DATASET EXTRACT:
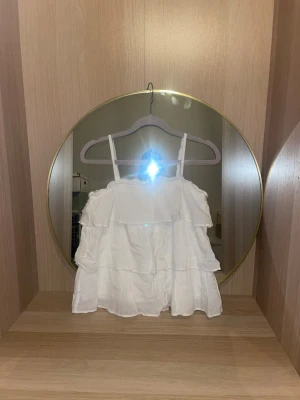 Vit volangig linnetopp med smala band - Söt vit linnetopp med tunna axelband och flera lager volanger i storlek 158-164 . Toppen har en luftig och flowy passform, perfekt för varma dagar. Materialet känns lätt och mjukt mot huden. Enkel att matcha med jeans eller kjol för en fräsch look.skriv för fler bilder, pris kan diskuteras!💗(inga defekter och är använd en gång)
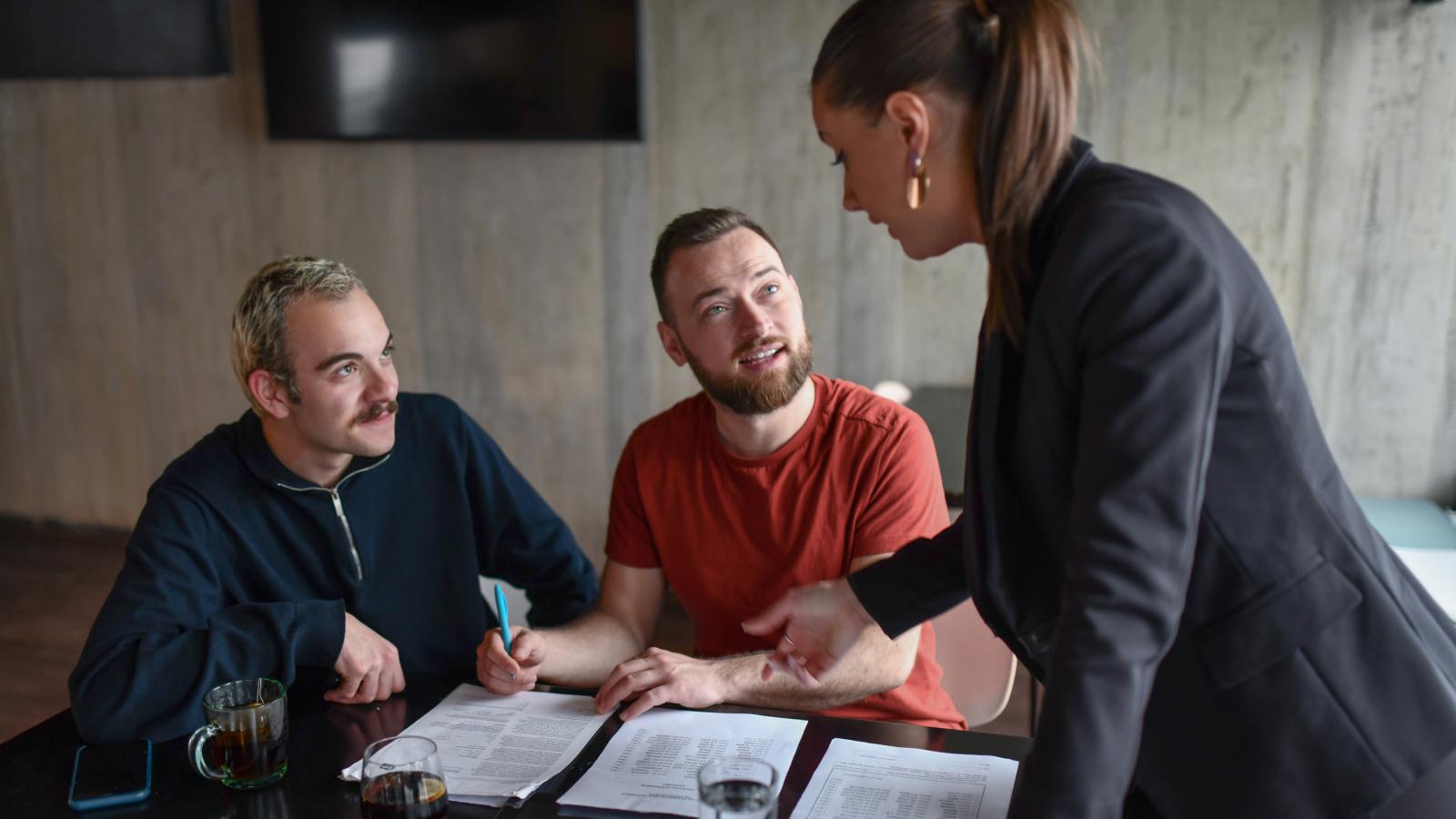 Two men meeting with financial professional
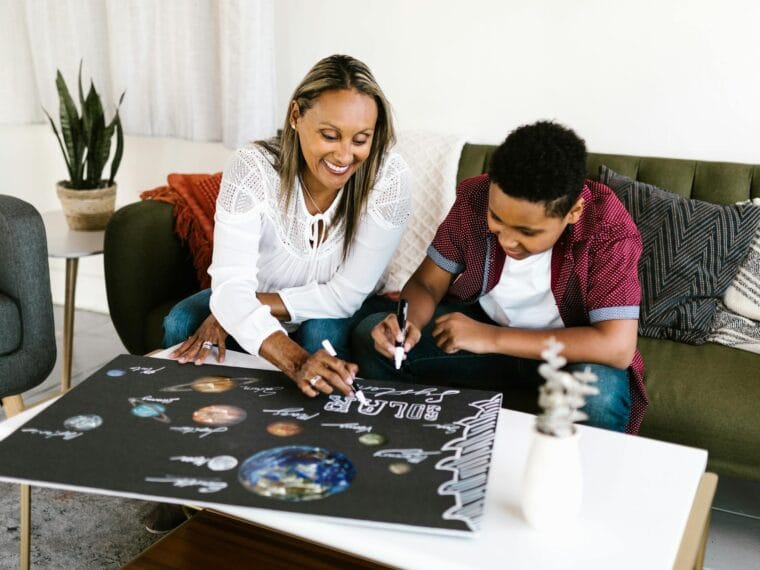 woman and boy doing a poster together
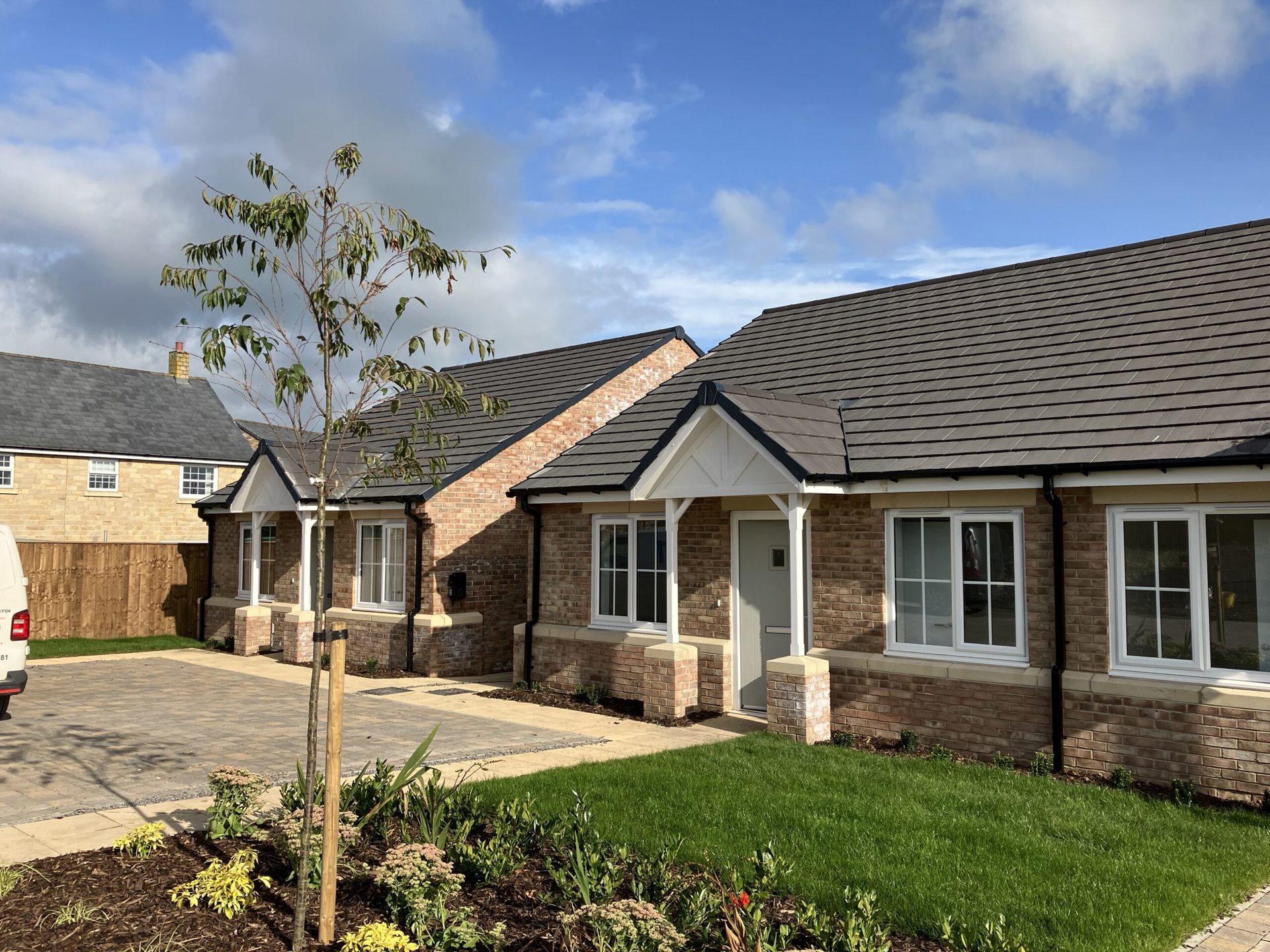 two newly built bungalows with light bricks and slate roofs. They have a small garden and driveway.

WORK ORDER: Only the lines between the one containing "woman and boy doing a poster together" and the last line of the listing above, both included, should be written out, exactly and without pictures.

TASK ANSWER:
 woman and boy doing a poster together
 two newly built bungalows with light bricks and slate roofs. They have a small garden and driveway.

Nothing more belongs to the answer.